The XSLTC transformer generates a transformation engine, or translet, from an XSL stylesheet. This approach separates the interpretation of stylesheet instructions from their runtime application to XML data.And here is what Microsoft XML Team writes about XslCompiledTransform:
XSLTC works by compiling a stylesheet into Java byte code (translets), which can then be used to perform XSLT transformations. This approach greatly improves the performance of XSLT transformations where a given stylesheet is compiled once and used many times. It also generates an extremely lightweight translet, because only the XSLT instructions that are actually used by the stylesheet are included.
To improve XSLT execution performance in the .NET Framework version 2.0, the XslTransform class has been replaced with a new XSLT 1.0 implementation: the XslCompiledTransform class. XslCompiledTransform compiles XSLT stylesheets to Microsoft Intermediate Language (MSIL) methods and then executes them. Execution time of the new processor is on average 4 times better than XslTransform and matches the speed of MSXML, the native XML processor.
Is it true that only XSLT compilation can provide the best XML transformation performance on managed platforms like Java and .NET? I have no fresh benchmark results, but AFAIR XSLTC was always one of the fastest XSLT processors undeservedly underused because of its unique processing model. And Microsoft also claims that new XslCompiledTransform now matches the speed of MSXML4. But what about Saxon? It's interpreting XSLT engine and it's pretty fast. I believe Saxon is fast only due to numerous very smart and unique optimizations and so can't beat compiling optimizing XSLT processor.

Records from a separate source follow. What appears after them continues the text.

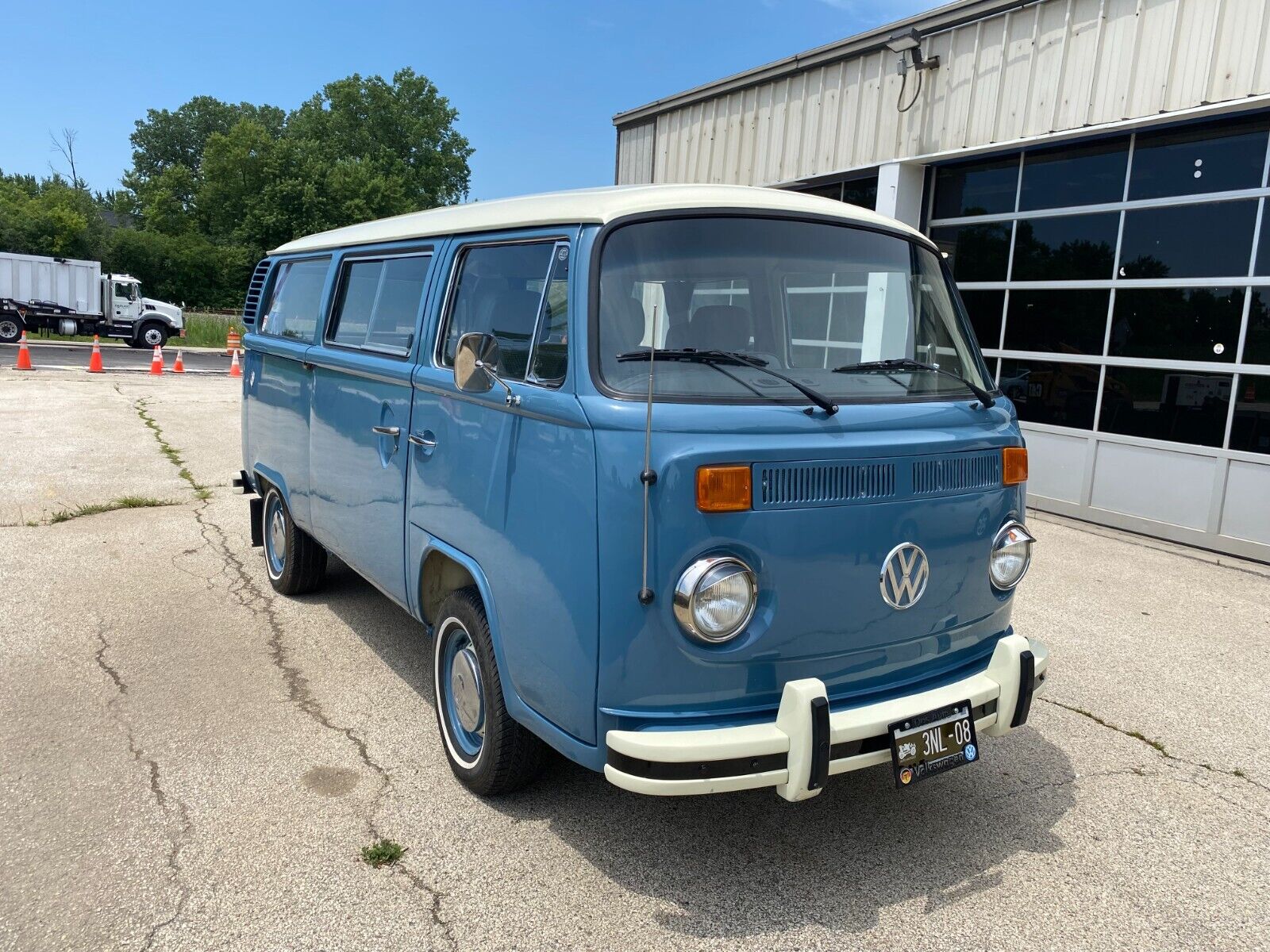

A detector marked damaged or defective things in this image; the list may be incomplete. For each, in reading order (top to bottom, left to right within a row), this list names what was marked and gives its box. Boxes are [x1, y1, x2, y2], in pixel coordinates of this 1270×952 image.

cracked asphalt [0, 374, 1264, 952]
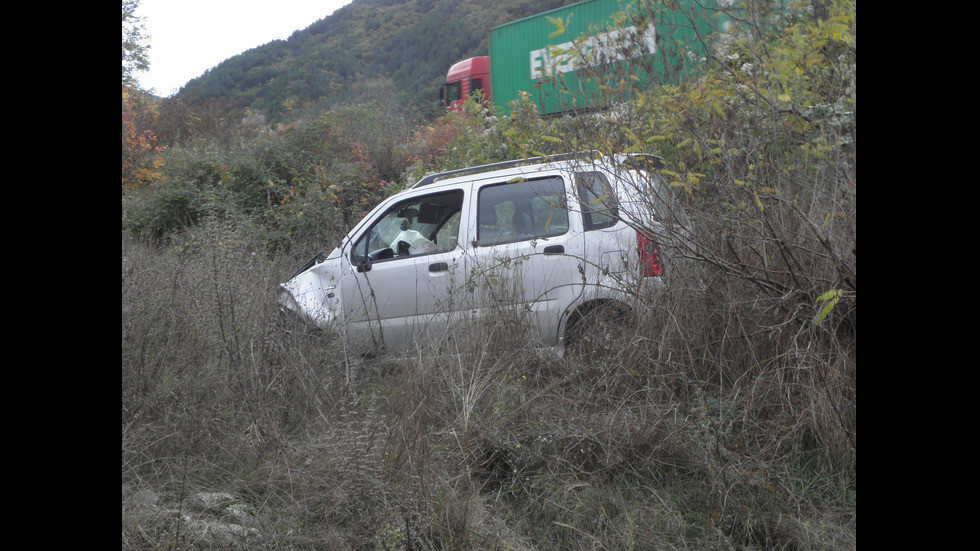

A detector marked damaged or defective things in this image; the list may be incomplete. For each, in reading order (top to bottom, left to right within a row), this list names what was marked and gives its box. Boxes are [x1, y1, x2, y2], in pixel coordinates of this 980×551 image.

crashed silver suv [276, 153, 688, 356]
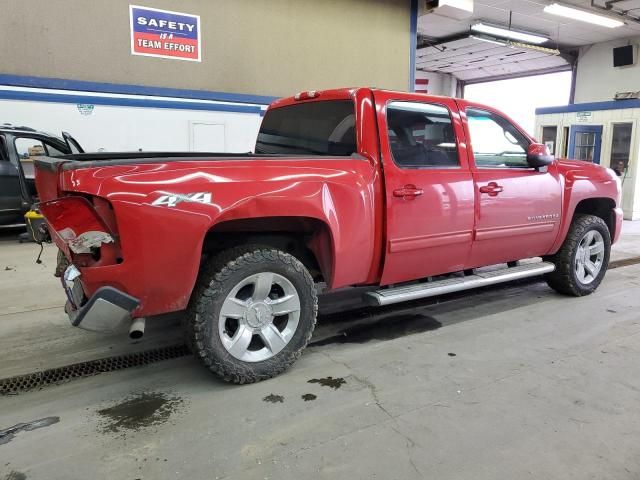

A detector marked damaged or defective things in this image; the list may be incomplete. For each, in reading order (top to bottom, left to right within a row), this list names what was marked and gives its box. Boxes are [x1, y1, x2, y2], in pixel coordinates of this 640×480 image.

damaged rear bumper [63, 264, 139, 332]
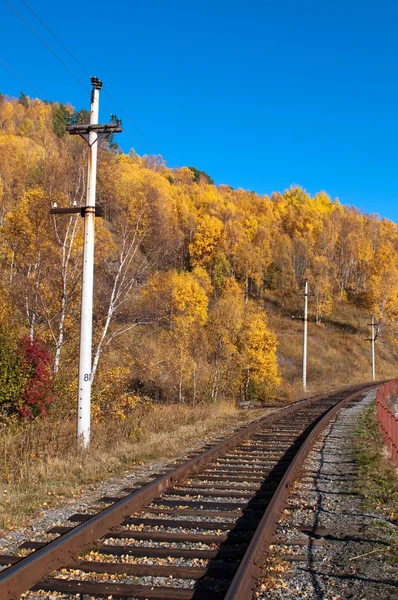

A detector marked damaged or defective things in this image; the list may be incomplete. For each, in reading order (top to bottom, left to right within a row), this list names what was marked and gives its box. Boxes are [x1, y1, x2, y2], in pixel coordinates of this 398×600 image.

rusty railroad track [0, 382, 376, 596]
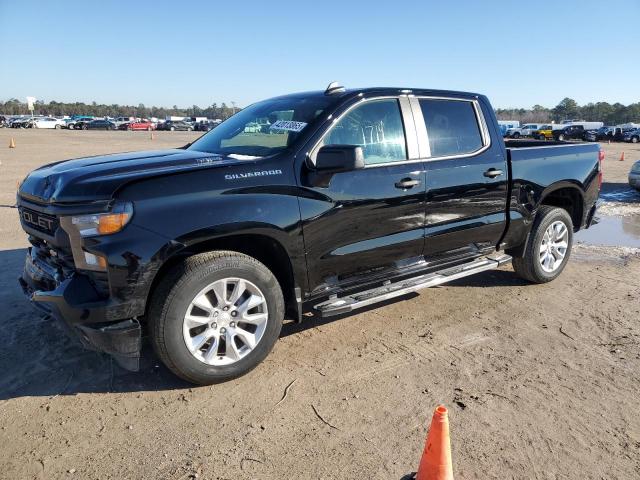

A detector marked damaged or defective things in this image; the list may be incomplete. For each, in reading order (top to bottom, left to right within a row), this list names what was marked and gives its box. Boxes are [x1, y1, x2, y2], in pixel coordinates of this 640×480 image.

front bumper damage [18, 248, 141, 372]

The idea that ideal XSLT engine is optimizing compiling one sounds pretty obvious. XSLT was and is meant to be compiled, not interpreted and despite the fact that for years there was only a single semi-experimental compiling XSLT engine around - Sun's XSLTC (now Apache XSLTC), XSLT 2.0 is still looks like more traditional compiled language than a dynamic one.
Ok, but what about the future? I think that's safe to say that in the future XSLT compilation will be even more pervasive. Apache community (with IBM behind contributing developers) have chosen XSLTC, not XALAN as a basis for their future XSLT 2.0 implementation and I have no doubts that Microsoft will implement XSLT 2.0 only as a compiling engine too. And I love it. I predict that in a near future we will be compiling XSLT stylesheets as we do with ordinary Java or C# classes and call "translets" at run time as usual classes without bothering to load stylesheet sources first.
Btw, it should be noted that for Java users the switch to another default XSLT engine went mostly unnoticed thanks to JAXP, while Microsoft has no JAXP analog so users have to migrate to the XslCompiledTransform explicitly modifying their code. I'll address that in a separate post though.